It started out innocently enough. If the kids asked me, for example, why was a Hula Hoop called a Hula Hoop. Me, being at a loss for an explanation, replied it was named after Samuel J. Hula. To me Samuel J. just sounded right. They seemed to accept this at face value and would continue on with their activities. But after a few times of using Samuel J. Insert-Last-Name-Here, they started to catch on. “My, that is a popular name,” I started to hear. “It seems like every inventor has the same first name and initial.” It was time to elevate my game, so to speak.

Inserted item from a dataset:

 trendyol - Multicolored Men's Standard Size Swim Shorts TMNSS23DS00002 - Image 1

One of the kids asked me why ketsup was called ketsup (or catsup depending on your geography). I think I stuttered for a second trying to think of some answer (I now know it is thought to be a derivation of the Chinese word kê-chiap a fish brine) and then started into a story that this product was invented by a Samuel J. Kets, a small town confectionery owner from the midwest of the United States in 1843. During a period of time when he was playing with different concoctions he would label them Kets 1 or Kets Good or whatever popped into his head. One day he labeled a bottle, "Kets - Unlikely Product" which he shortened to UP, as he didn’t like the texture or taste and left it on his work table. Later that day his wife saw it and decided to give it a try and surprisingly, liked it. When Samuel got back to his workshop she asked him to make more of that Kets UP because she really enjoyed it. Hence the name KetsUP. The kids were enthralled with this story. Even my wife, a foodie if there ever was one, put her fork down and said, “Really?” I took and long sip from my wine reveled in my brilliance and then admitted I lied.

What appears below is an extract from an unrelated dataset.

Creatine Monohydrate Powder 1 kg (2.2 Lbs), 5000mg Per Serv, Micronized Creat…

This followed the basic law of baffle gab, that if you give more than enough detailed and useless related information, people have a tendency to believe the facts all the more. It has always worked for politicians and I found it also worked in parenting. The challenge I soon faced was the fact that the kids started to use me as some form of perverse entertainment, to see whether I would wilt under their barrage of inquisition. I swear, they would spend their waking hours just trying to think of something I couldn’t relate to my friend Samuel J.

“Samuel J. Charger was a much beloved landowner in medieval England when, during the reign of King Edward, the Sloven, it was decreed that an additional tax would be imposed on the citizenry based on the per serving plate of food. Now Charger, who was a true man of the people, felt that this was unfair and to get around this tax imposed by the monarch, he issued to all his people a larger than normal plate to hold more food than the average person could eat thereby letting them eat less meals per day. This soon became known throughout the land as a Charger Plate. The people were thankful for this and even though the tax was soon repealed by the heir to the throne, King Edward II, the Not-so-Slovenly, they honored their land Lord by using a symbolic over-sized plate which was placed under the normal sized plate. Hence, our tradition of using a charger plate for our formal dinners.”
As I finished this story and placed my napkin on my lap, I felt if there was ever a moment to hang up the guns and retire Samuel J., that this would have been it. But who knows? He may make his presence known again. I do hope one day to have one of my grand kids scramble onto my lap and explain to me that the inventor of their crib was a man named Samuel J. Crib. It would make me proud just to hear that.